Task statement: Quote the lines below exactly, from the one that holds "5430 Coach Road, Bossier City, LA 71111" through the final line of the records, and only those.

BEGIN Given information

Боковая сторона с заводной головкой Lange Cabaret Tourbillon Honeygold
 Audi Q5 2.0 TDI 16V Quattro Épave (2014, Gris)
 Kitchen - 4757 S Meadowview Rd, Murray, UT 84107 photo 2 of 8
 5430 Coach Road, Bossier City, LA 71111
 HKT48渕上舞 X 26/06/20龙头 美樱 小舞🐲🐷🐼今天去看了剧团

END Given information

Output for this task:
 5430 Coach Road, Bossier City, LA 71111
 HKT48渕上舞 X 26/06/20龙头 美樱 小舞🐲🐷🐼今天去看了剧团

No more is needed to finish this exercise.